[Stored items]
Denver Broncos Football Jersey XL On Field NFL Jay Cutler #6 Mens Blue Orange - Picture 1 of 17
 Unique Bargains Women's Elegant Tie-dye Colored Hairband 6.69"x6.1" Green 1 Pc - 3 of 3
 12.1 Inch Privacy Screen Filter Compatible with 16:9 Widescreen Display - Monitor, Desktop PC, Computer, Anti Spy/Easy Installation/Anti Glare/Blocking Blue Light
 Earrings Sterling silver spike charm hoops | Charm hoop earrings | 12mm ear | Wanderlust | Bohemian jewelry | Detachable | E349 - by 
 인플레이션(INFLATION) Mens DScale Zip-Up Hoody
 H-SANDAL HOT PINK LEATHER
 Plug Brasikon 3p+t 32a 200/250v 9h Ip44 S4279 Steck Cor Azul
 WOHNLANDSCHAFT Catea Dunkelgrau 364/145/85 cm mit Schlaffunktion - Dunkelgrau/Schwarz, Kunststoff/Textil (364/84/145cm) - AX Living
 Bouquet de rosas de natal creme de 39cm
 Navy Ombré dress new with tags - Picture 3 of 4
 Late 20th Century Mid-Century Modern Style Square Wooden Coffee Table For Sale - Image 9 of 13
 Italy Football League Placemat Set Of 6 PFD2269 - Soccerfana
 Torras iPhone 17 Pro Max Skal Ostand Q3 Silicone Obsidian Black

▶ [PROBLEM STATEMENT] Set down exactly the lines from the one that contains "Late 20th Century" to the final line above, both included, and nothing more.

▶ [THE COMPLETED TASK]
 Late 20th Century Mid-Century Modern Style Square Wooden Coffee Table For Sale - Image 9 of 13
 Italy Football League Placemat Set Of 6 PFD2269 - Soccerfana
 Torras iPhone 17 Pro Max Skal Ostand Q3 Silicone Obsidian Black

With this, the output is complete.